API reference

This reference provides an overview of the key APIs, data types, and functions created with the extension.

The following data type is used to store token IDs and their respective texts:

Data type	Description
bm25vector	A specialized data type that stores a representation of token IDs and their respective text for BM25 indexing. It is designed to work efficiently with the BM25 ranking algorithm.
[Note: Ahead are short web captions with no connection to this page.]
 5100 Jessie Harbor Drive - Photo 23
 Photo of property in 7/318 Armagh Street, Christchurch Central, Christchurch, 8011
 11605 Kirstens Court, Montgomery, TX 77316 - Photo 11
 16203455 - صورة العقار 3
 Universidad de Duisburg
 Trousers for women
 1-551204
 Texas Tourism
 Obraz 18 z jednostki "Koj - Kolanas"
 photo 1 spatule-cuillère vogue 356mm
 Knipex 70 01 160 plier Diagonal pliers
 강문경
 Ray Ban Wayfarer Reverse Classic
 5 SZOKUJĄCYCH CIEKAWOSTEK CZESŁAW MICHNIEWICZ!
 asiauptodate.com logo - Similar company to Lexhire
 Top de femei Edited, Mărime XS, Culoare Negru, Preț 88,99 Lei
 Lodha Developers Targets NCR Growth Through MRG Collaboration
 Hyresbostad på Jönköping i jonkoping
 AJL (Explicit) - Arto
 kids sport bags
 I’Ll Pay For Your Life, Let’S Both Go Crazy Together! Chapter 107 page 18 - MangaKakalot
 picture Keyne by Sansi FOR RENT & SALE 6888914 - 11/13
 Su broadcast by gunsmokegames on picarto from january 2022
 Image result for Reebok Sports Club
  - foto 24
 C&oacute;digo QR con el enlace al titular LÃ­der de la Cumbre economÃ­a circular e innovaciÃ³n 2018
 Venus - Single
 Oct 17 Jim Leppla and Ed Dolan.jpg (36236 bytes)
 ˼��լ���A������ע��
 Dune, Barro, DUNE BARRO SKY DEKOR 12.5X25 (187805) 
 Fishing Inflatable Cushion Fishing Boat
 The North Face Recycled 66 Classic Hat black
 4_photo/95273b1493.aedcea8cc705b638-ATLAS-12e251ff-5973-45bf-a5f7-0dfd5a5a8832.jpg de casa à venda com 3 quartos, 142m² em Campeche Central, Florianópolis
The following functions are used to initialize a tokenizer and converts the text to generate token IDs:

Component	Description
create_tokenizer(tokenizer_name text, config jsonb)	Initializes a tokenizer with the specified name and configuration. The configuration can include parameters such as the pre-trained model to use (e.g., BERT).
tokenize(string_text text, tokenizer_name text)	Converts a string text into a `bm25vector` format using the specified tokenizer. This function processes the input text and generates the necessary token IDs and frequencies for BM25 indexing.

The following functions and operators are used to calculate document relevance:

Component	Description
to_bm25query(index_name regclass, query_vector bm25vector)	Converts a `bm25vector` into a `bm25query` format. Requires the index name to ensure the query is compatible with the index structure.
`<&>`	A binary operator that takes a `bm25vector` and a `bm25query` and returns a `float4` score. The score is negative, where more negative values indicate higher relevance. This operator is used to calculate the BM25 score for a given document against a query.